## DATA TO PROCESS

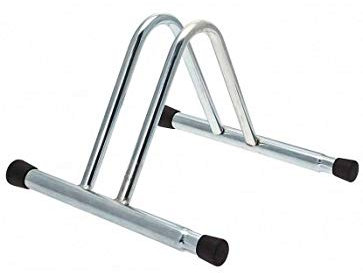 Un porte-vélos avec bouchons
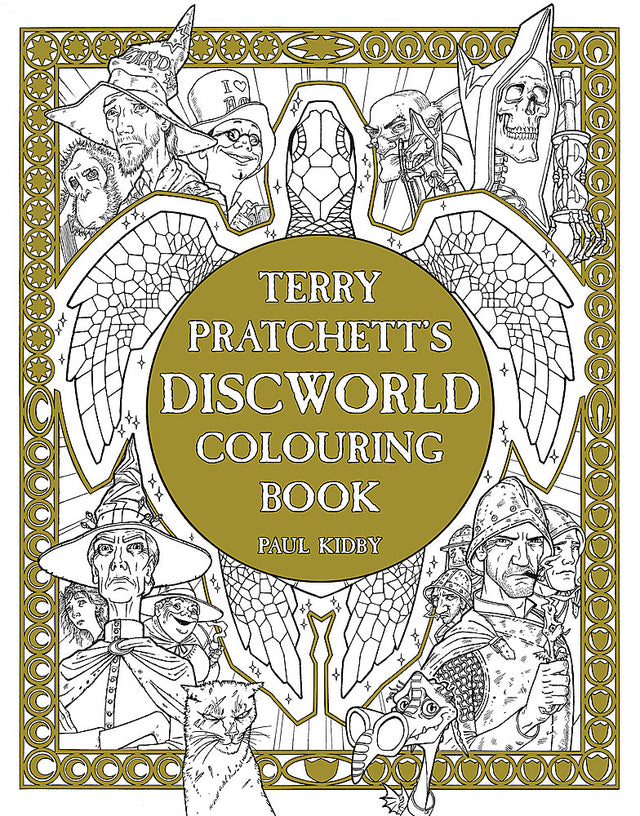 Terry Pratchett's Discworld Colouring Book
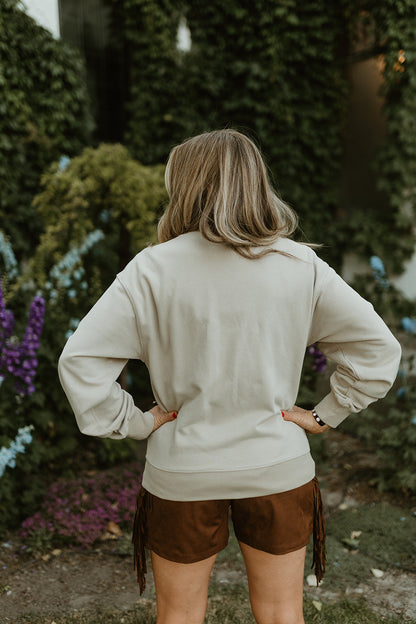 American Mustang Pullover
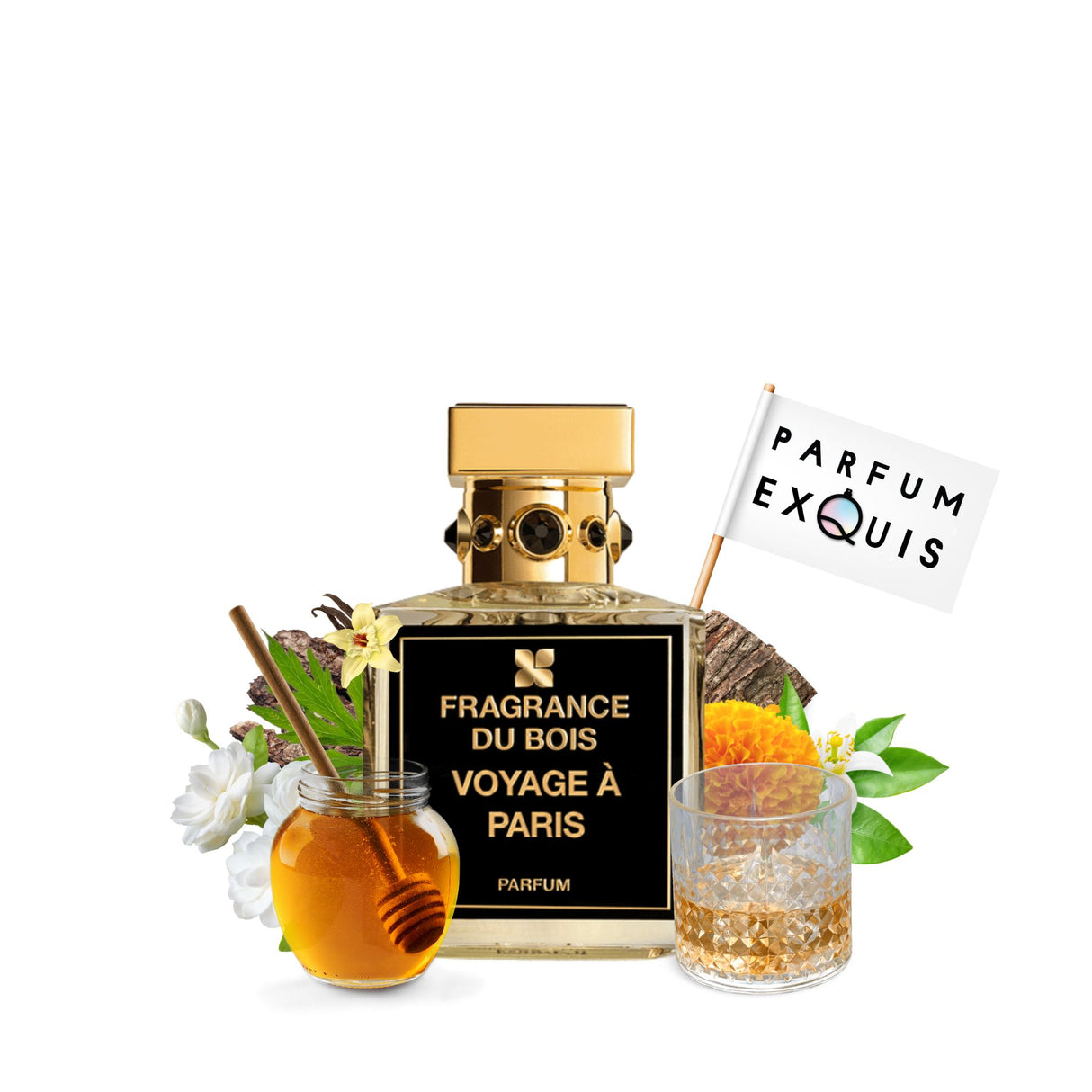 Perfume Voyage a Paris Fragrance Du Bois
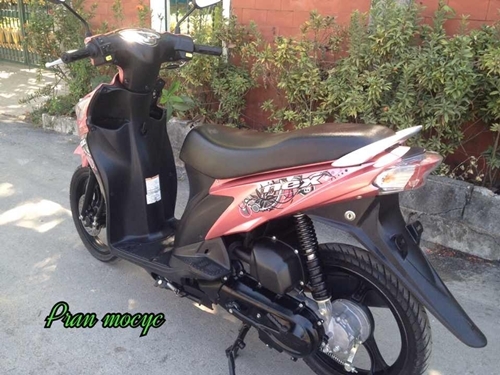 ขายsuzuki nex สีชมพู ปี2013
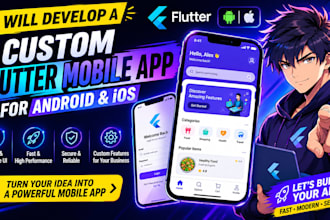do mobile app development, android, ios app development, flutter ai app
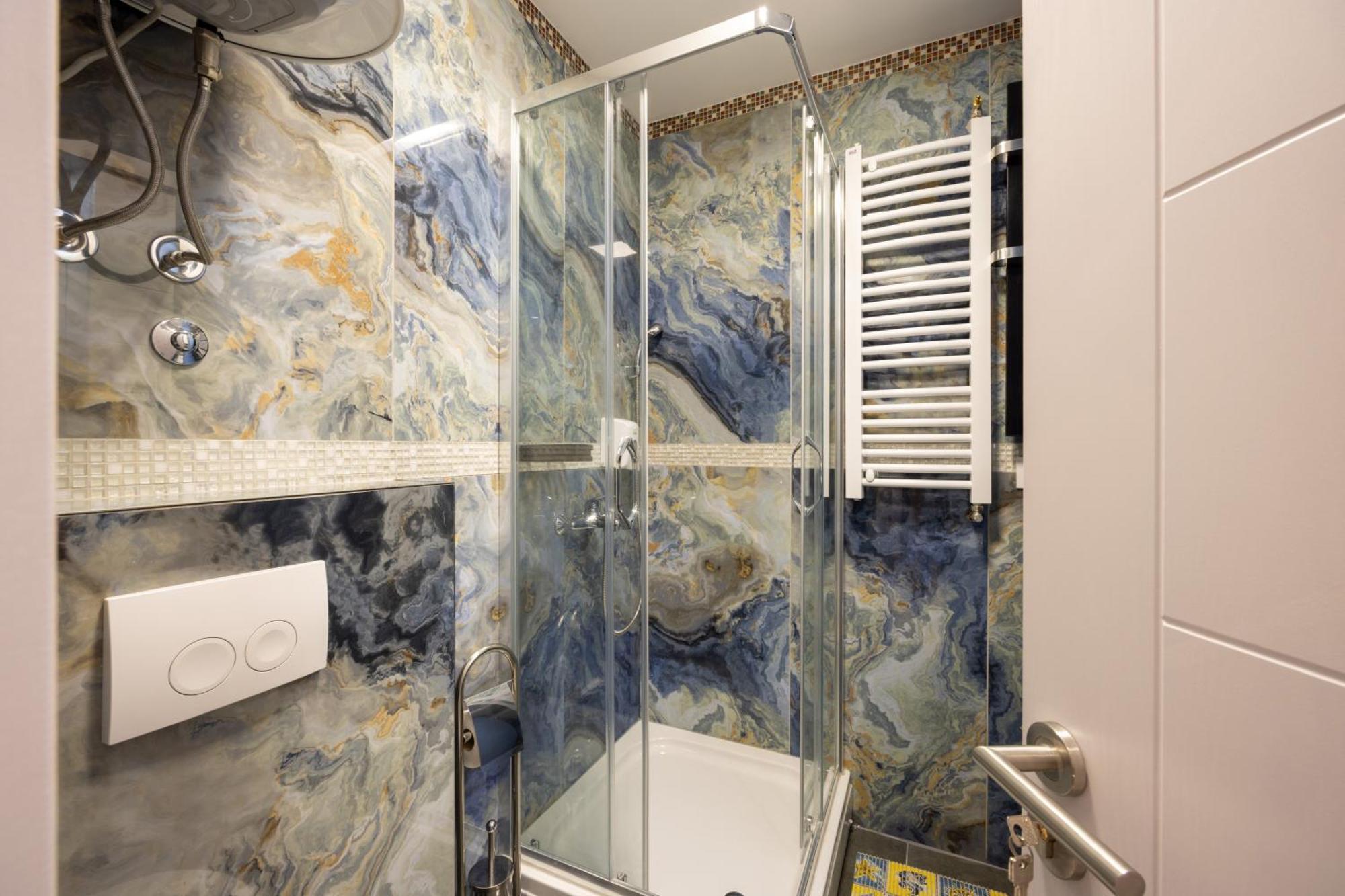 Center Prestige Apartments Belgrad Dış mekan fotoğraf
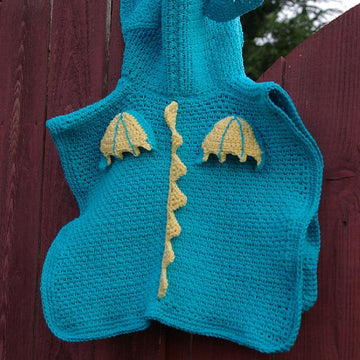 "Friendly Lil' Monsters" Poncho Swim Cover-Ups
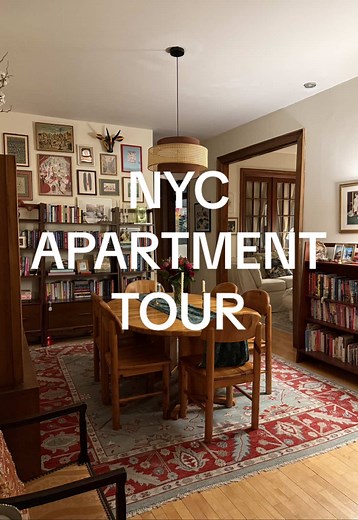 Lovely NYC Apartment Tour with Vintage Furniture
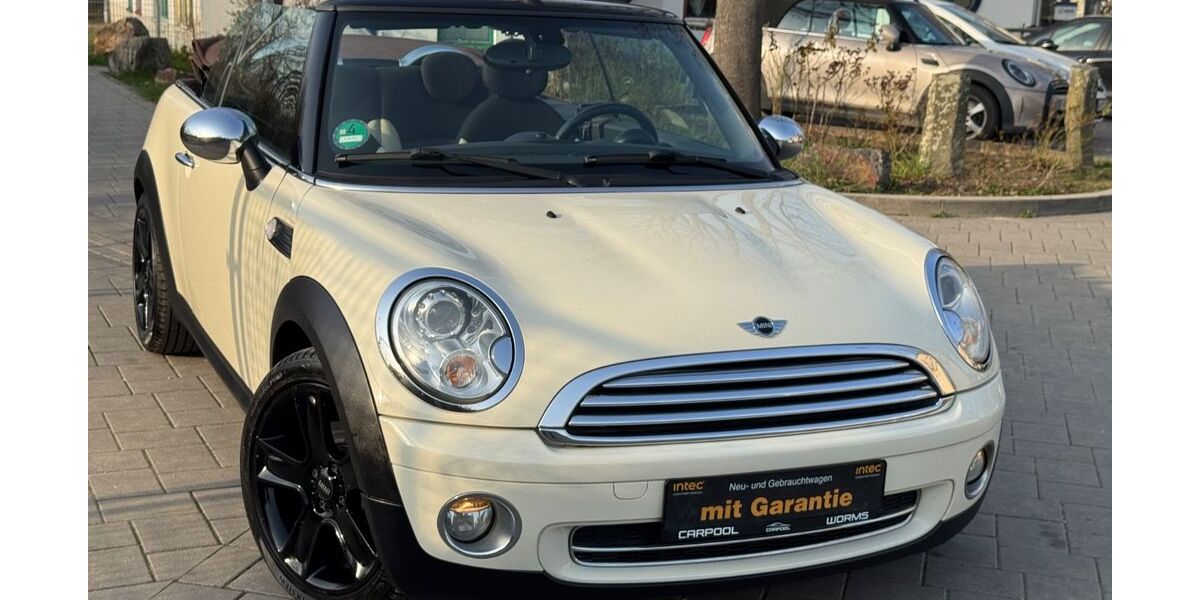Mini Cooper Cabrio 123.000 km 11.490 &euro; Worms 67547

## EXERCISE GOAL
Every line from the one that holds "Center Prestige Apartments" to the end of the listing should be output exactly, with pictures left out, please.

## RESULT OF THE TASK
 Center Prestige Apartments Belgrad Dış mekan fotoğraf
 "Friendly Lil' Monsters" Poncho Swim Cover-Ups
 Lovely NYC Apartment Tour with Vintage Furniture
Mini Cooper Cabrio 123.000 km 11.490 &euro; Worms 67547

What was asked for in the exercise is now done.